Las cenizas de Raquel


Novela biografica
Raquel (de azul) en el mar

En esta entrega continúo con las reflexiones que me iban surgiendo en paralelo con la idea de escribir sobre mi madre. Y ese deseo poderoso de sacarlo en palabras se fue plasmando en una especie de diario. Y así seguía:


Parece que le «robo» la idea a mi hermano de escribir la historia de nuestra madre. Aunque mi intención no nació de ahí, aprovecho y le tomo el testigo, pues intuyo que él nunca lo hará. Le había escuchado hace muchos años decir que le gustaría escribir una novela sobre ella, con una pasión en la voz que me parecía un poco exagerada. Algo así como las Cenizas de Ángela de Frank McCourt, obra que le impactó bastante. ¿Cómo podía comparar la vida trágica que vivió Ángela, la heroína-mártir del libro, con la de mi madre?
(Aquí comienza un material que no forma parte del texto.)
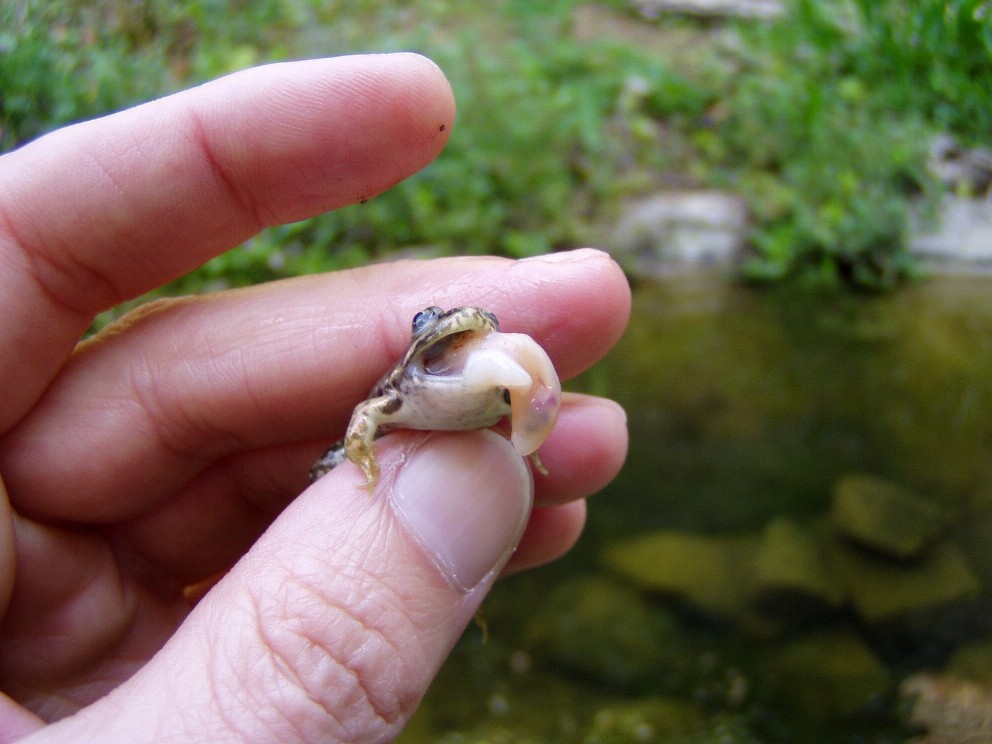 Le solite ... rane verdi - Pelophylax sp. (prov. Ferrara)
No veía a mi mamá como una protagonista de novela. Me parecía que tenía una vida común, «normal» con algunos dramas, dificultades y alegrías, como la de cualquier persona. No había dimensionado la magnitud de su existencia, de lo que tuvo que sufrir, luchar, aguantar, hasta el día que le escribí el mensaje de cumpleaños. Me sorprendió como si fuera una historia nueva: sus días de niñez, desde que tenía cuatro años, que empezaban a las cinco y media de la mañana cuando se levantaba para recoger leña y encender el fuego para cocinar; su adolescencia, en la que observaba el mundo detrás de los barrotes de su ventana, o a través de los ojos estáticos y brillantes de los santos de yeso, a los que elevaba súplicas y «mea culpas» durante las misas dominicales.


Pensar en su matrimonio temprano y subyugante fue como una losa que me aplastó el corazón, también su constante parir hasta agotar su juventud. Cada vida que alumbraba la vaciaba un poco más. Sus hijos succionamos su savia desde el útero. Bebimos la esencia de sus senos hasta dejarla casi seca. Toda para nosotros, para su esposo, para su hogar. Nada para ella: solo migajas de tiempo que tuvo que arañar con las garras de la locura, la única válvula de escape que le permitió ser libre, recuperar su identidad perdida o fabricarse una nueva, por cortos lapsos, a pequeños sorbos, hasta que fuera internada en el manicomio o doblegada por el Halopidol.


El arma de la sinrazón tuvo un doble filo que también le rasgó su fibra interior y se volvió contra ella.